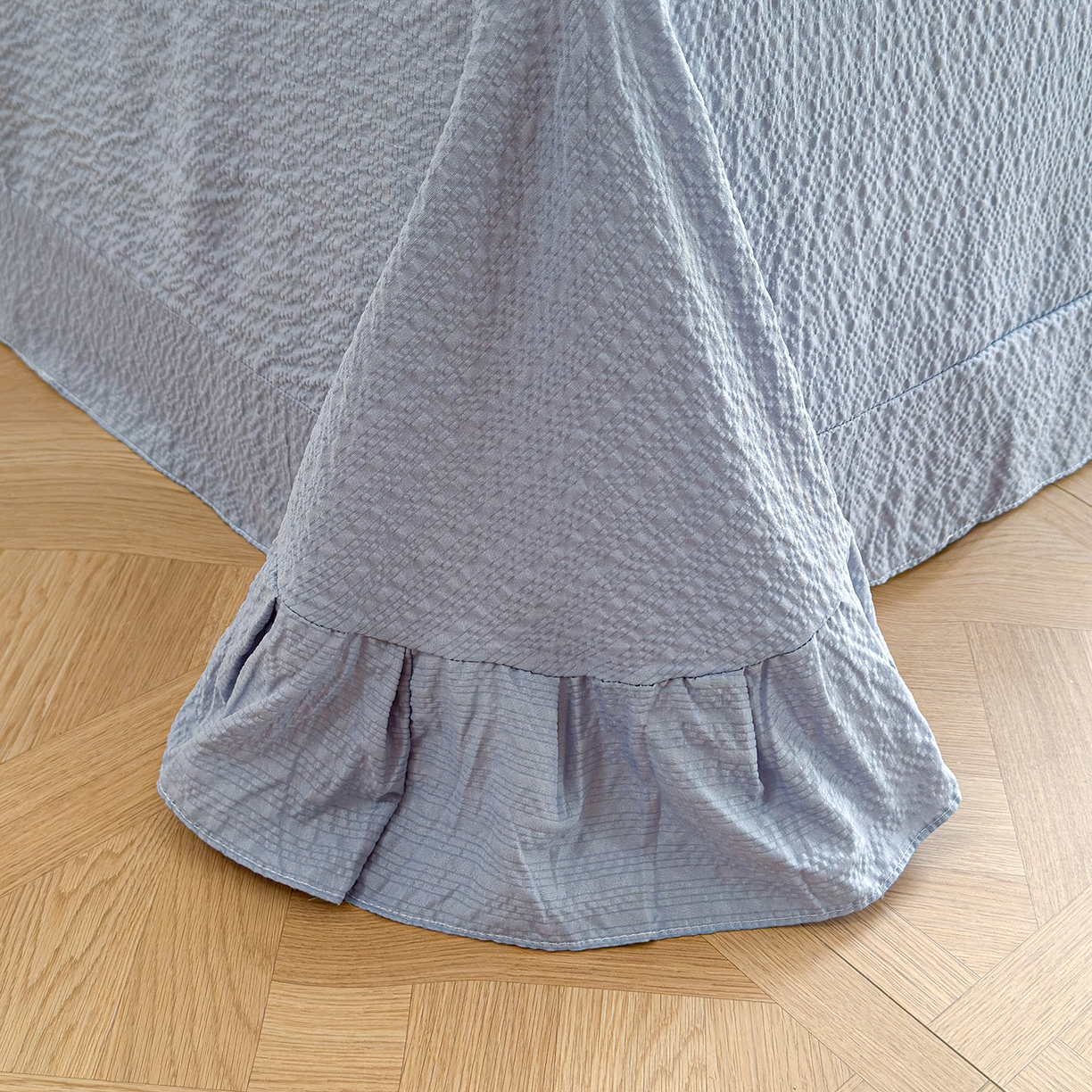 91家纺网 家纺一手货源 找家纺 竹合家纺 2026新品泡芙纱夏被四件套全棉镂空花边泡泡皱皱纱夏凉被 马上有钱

# # #

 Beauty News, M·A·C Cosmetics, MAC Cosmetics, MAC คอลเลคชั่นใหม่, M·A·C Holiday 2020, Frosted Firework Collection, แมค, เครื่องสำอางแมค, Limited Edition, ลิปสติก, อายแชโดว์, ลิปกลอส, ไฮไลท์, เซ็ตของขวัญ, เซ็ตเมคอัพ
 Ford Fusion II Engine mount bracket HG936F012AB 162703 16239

# # #

- DIRECTIONS FOR THIS TASK -
Send back an exact copy of only the lines from the line with "Beauty News, M·A·C" up to and including the line with "Ford Fusion II" in the data above.

- ANSWER FOR THE TASK -
 Beauty News, M·A·C Cosmetics, MAC Cosmetics, MAC คอลเลคชั่นใหม่, M·A·C Holiday 2020, Frosted Firework Collection, แมค, เครื่องสำอางแมค, Limited Edition, ลิปสติก, อายแชโดว์, ลิปกลอส, ไฮไลท์, เซ็ตของขวัญ, เซ็ตเมคอัพ
 Ford Fusion II Engine mount bracket HG936F012AB 162703 16239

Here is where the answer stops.